Post by DELG » Tue Sep 30, 2014 9:29 pm

WhiskeynCoke wrote:ITT: People who have never taught speak authoritatively on how "easy" it is.

For those of you who apparently have the reading comprehension skills of a disadvantaged 8 year old, the OP clearly asked for a comparison between biglaw and teach for America, NOT teaching "in general."

TFA does NOT equal "regular" teaching. TFA is its own beast, with it's own variety of insurmountable difficulties. Unlike other posters here, I won't pretend to truly understand the challenges that TFA presents, as I have never done TFA myself. However, I have enough close friends who have done TFA to know that it can be extraordinarily difficult and emotionally destructive. TFA people are sent to the worst school districts in the country where they have NO ties. Think about it.
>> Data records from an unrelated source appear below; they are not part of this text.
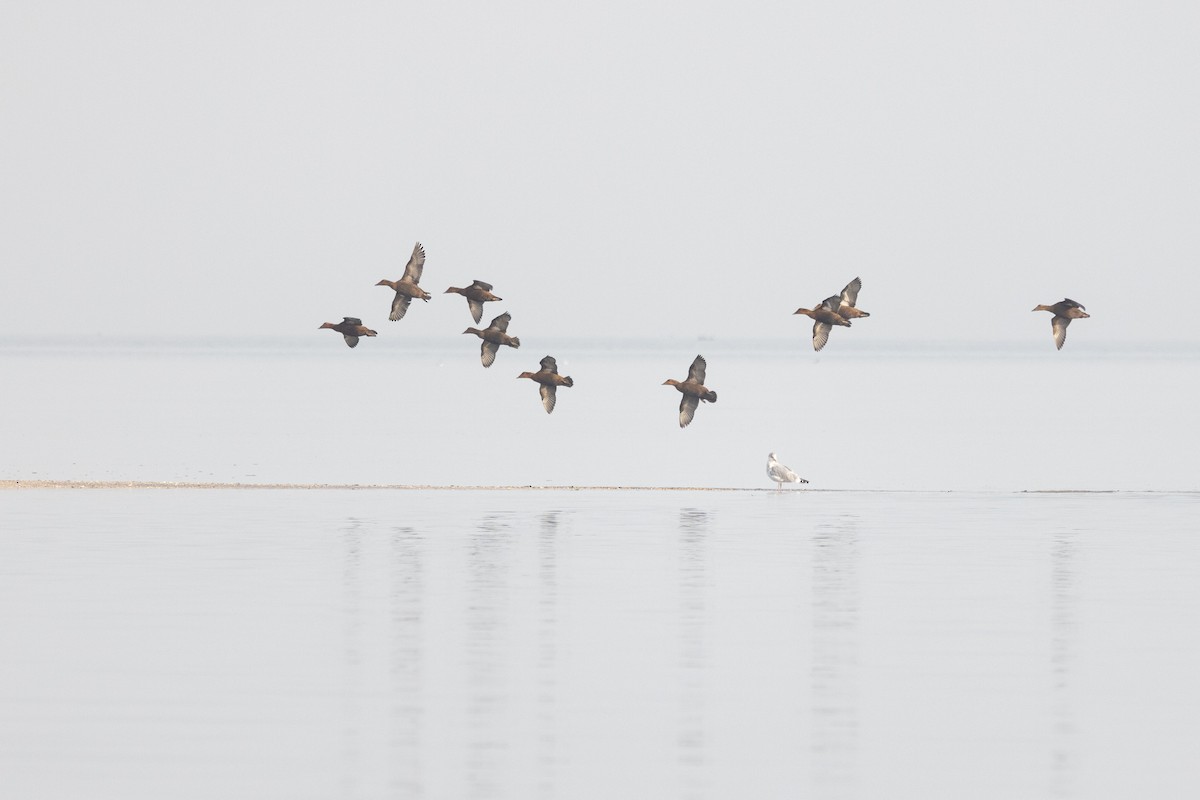 Common Eider - ML611395806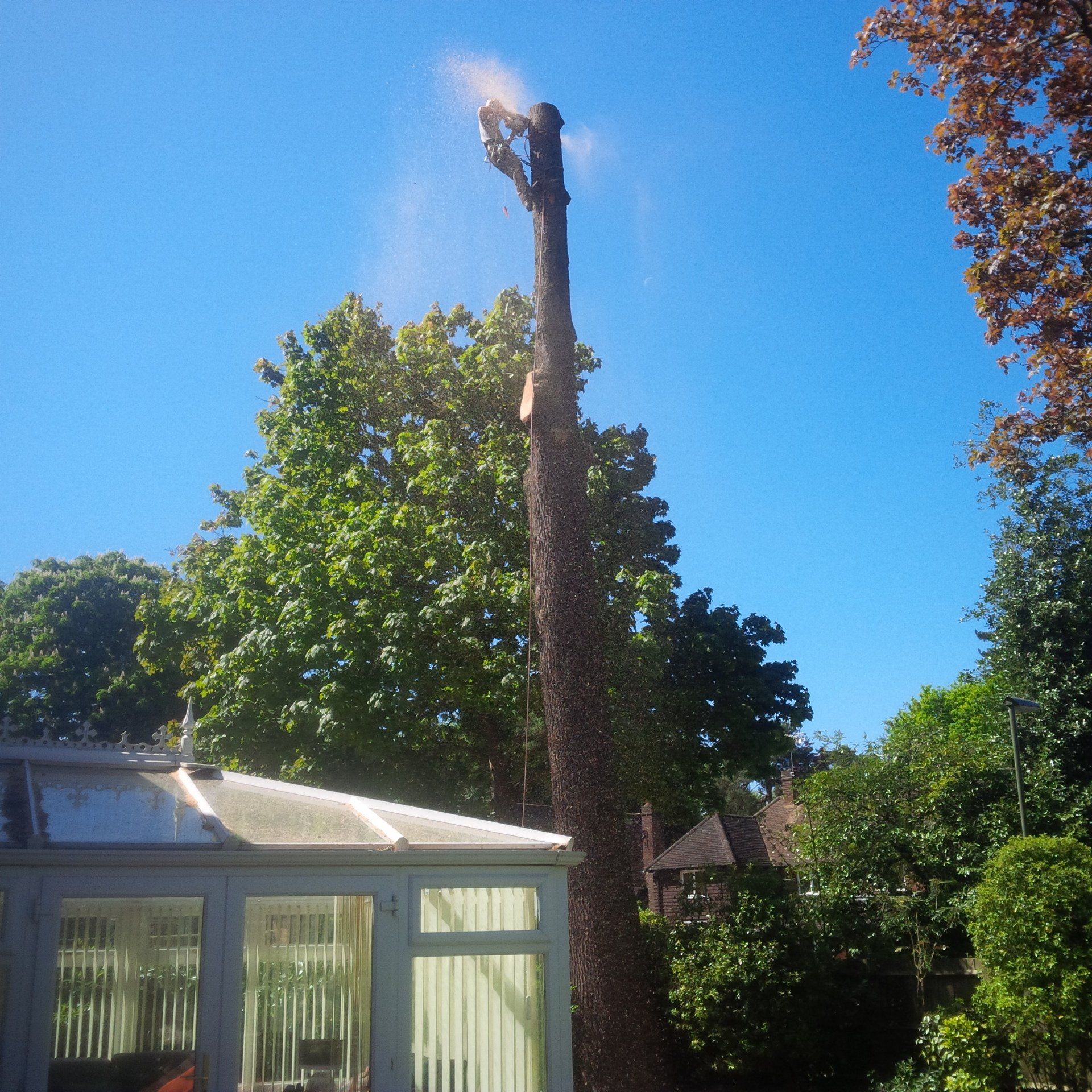 Tree cutting services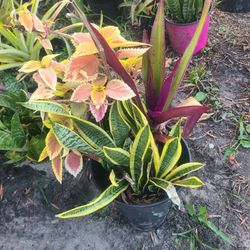 My Garden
For example, a close friend of mine spent 2 years on an Indian reservation in New Mexico. Come back and talk when you've had to deal with 11 year olds who are already alcoholics in your class, drug-addled parents who blame you for all their child's problems and nearly assault you, unsupportive administration, having inadequate resources, being 22 and having no idea what you're doing, having to come up with everything from scratch, being in the middle of nowhere, etc.. The hard part isn't the actual "teaching," it's everything else.

Though biglaw is still probably worse, the point is that you guys clearly have no idea what you're talking about. You aren't qualified to comment on this subject. You should be embarrassed. Seriously.

Edit: Also, as a biglaw attorney you make well over 5x what a TFA grunt does... so, yeah....
TBF I did teach on a rez, with all the awful, emotionally-trying bullshit. It wouldn't have been easier at 5x the pay. Money can't buy you mental health.